Seit 2022 gibt es sie, die „Yotomy Arts Gallery“ auf der Kuhstraße 8 in der Duisburger City. Ins Leben gerufen hat sie einst der ehemalige Duisburger Verleger Frank Wohlfahrt. Nach Ende seiner verlegerischen Tätigkeit hat er sich übergangslos und ausschließlich mit der Herausgabe von Kunsteditionen und dem Kunsthandel befasst. Seit 2019 ist er Galerist.

„Ich verstehe mich heute mehr denn je als aktiver Vermittler zwischen Künstlern, Unternehmen und der Öffentlichkeit“, sagt er. „Hier in der ‚Yokomy Arts Gallery‘ präsentieren wir Kunst, die wir gezielt vermarkten. Und wir begleiten junge Talente auf ihrem künstlerischen Weg.“

Auch Ausstellungen gehören dazu, wie die am Donnerstag, 3. September um 18 Uhr beginnende, obwohl mit dieser unter dem Titel „Am Anfang war das Blau“ an den Duisburger Künstler Wilfried Weiß erinnert wird, der am 6. März 2025 überraschend verstarb. Wohlfarth: „Mit dieser Ausstellung würdigen wir das künstlerische Vermächtnis von Wilfried Weiß und laden dazu ein, seinem Werk noch einmal zu begegnen.“ Die Ausstellung endet am Freitag, 9. Oktober, und kann bis dahin stets montags bis freitags in der Zeit zwischen 10 und 16 Uhr eintrittsfrei besichtigt werden.

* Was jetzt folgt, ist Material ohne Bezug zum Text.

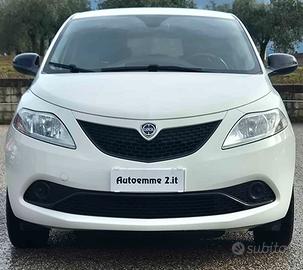 Lancia Ypsilon 1.2 69 CV 5 porte Gold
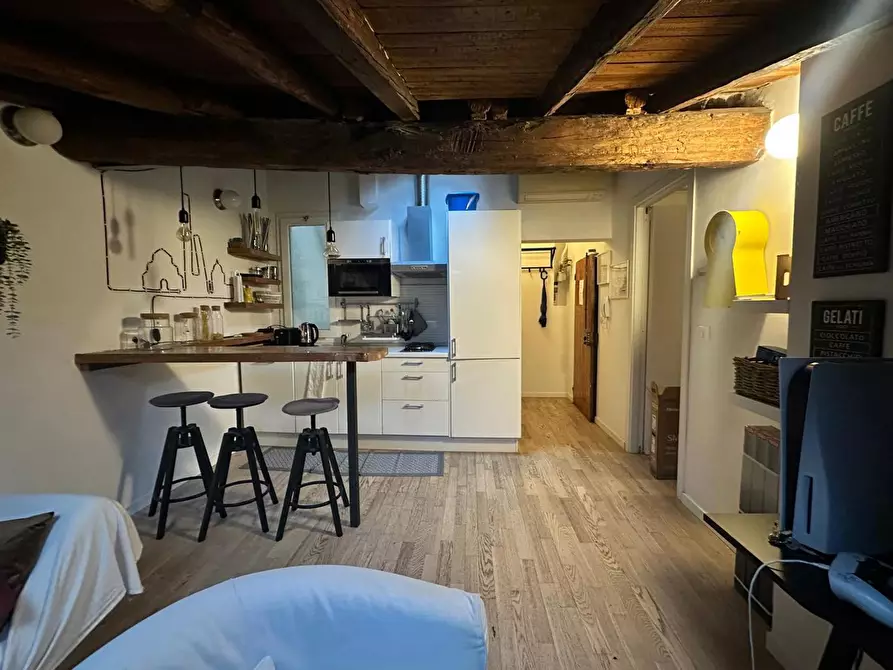 Immagine 5 di Appartamento in affitto  in Via Castiglione, 77 a Bologna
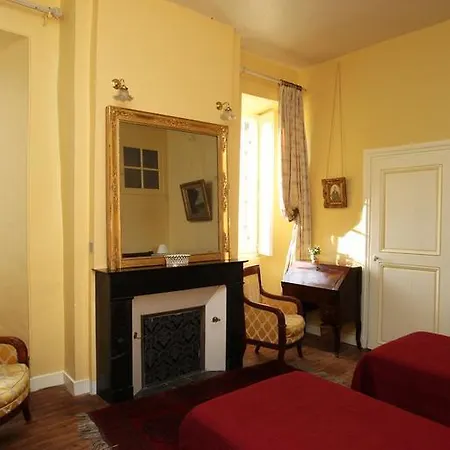 Chateau De Cheronne Oda ve Kahvaltı *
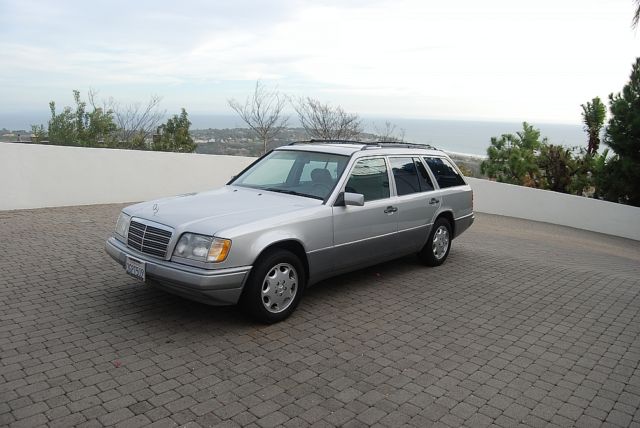 1994 MERCEDES BENZ E320 WAGON SUPER NICE CALIFORINA CAR rare! show condition 1994 Mercedes-Benz E-Class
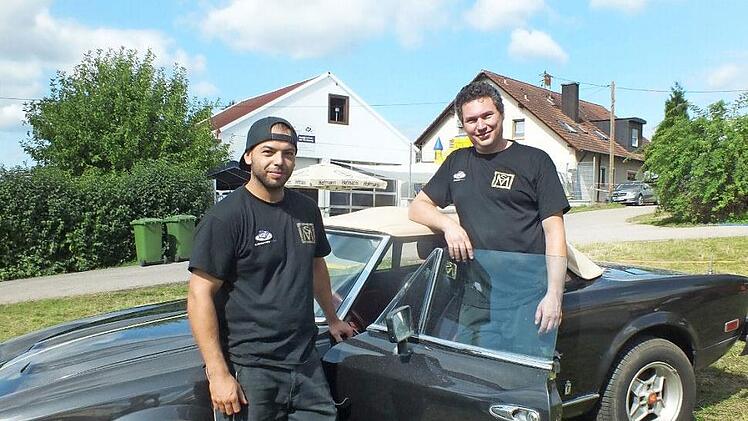 Marcel Schneider (links) und Florian Weller haben 50 Jahre nach Woodstock auch ein kleines Fest mit Band organisiert. Fotos: Manfred Welker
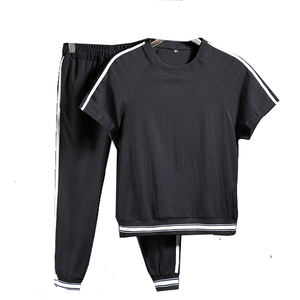 Conjunto Deportivo de Dos Piezas Extra Grande Unisex Personalizado para Invierno, 100% Algodón Felpa, Pantalones Deportivos de Cintura Alta para Fútbol - Product Image 1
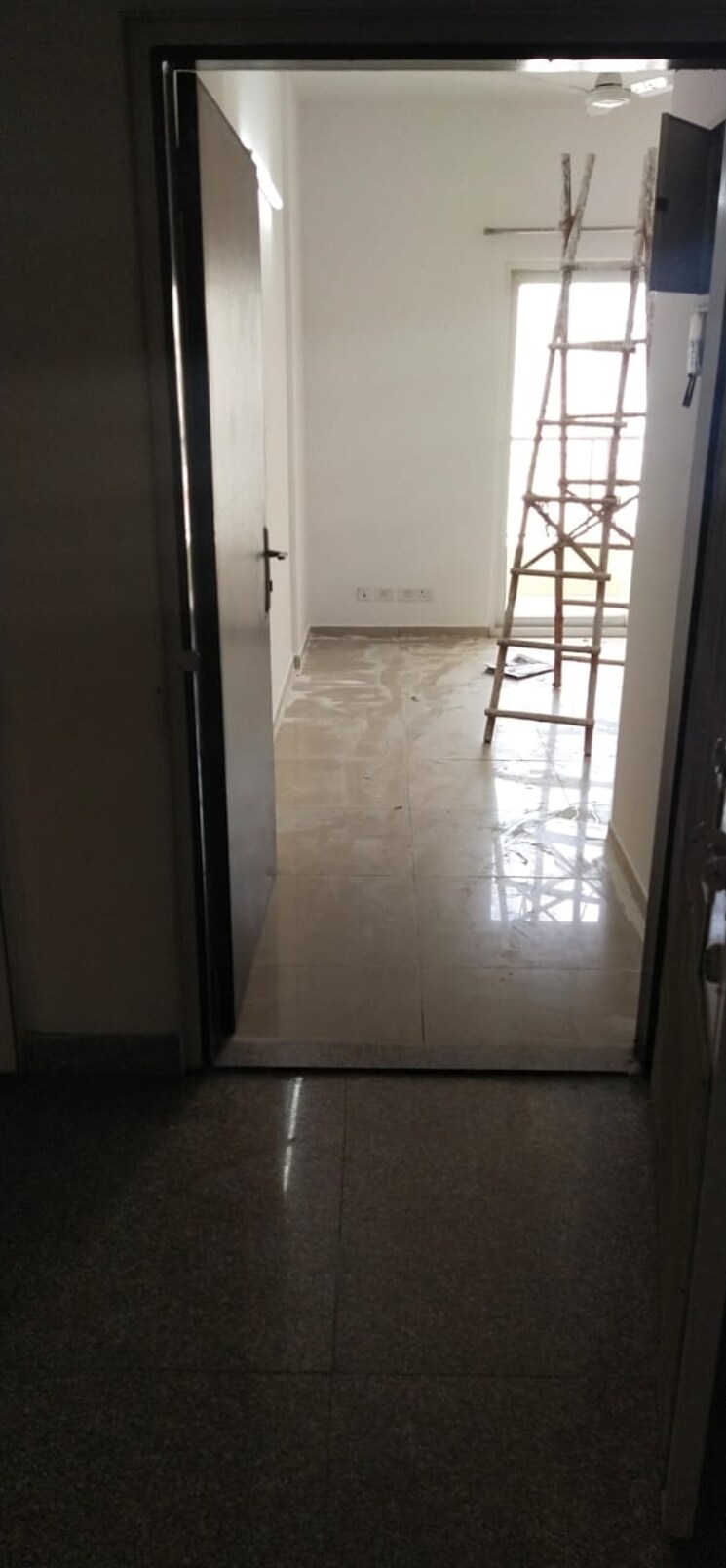 Room, gulshan-vivante 2 Bedroom 1220 Sq.Ft. Apartment In Sector 137 Noida 9050763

Kuratiert wird die Weiß-Retrospektive von Marayle Küpper und Ingrid Handzlik, zwei Künstlerinnen, die – wie Weiß seinerzeit – ihre Ateliers im Kunstverein Duisburg haben. Küpper und Handzlik sind im Übrigen auch die Nachlassverwalterinnen aller Werke von Weiß.

Dazu gehören Gemälde, Druckgrafiken und Kleinstskulpturen. Das Jahr 2026 haben die beiden zum Gedenkjahr an Weiß erklärt und drei Werkschauen seiner Arbeiten organisiert. Die erste Werkschau war im Museum Voswinckelshof in Dinslaken. Sie ging vom 11. Januar bis 22. März und trug den Titel „Und am Ende des Blau ist Struktur“. Die zweite fand in der Galerie der Kunstinitiative Ruhr in Oberhausen unter dem Titel „Ich habe dich anders gedacht“ statt und war in der Zeit vom 19. April bis 14. Juni zu sehen.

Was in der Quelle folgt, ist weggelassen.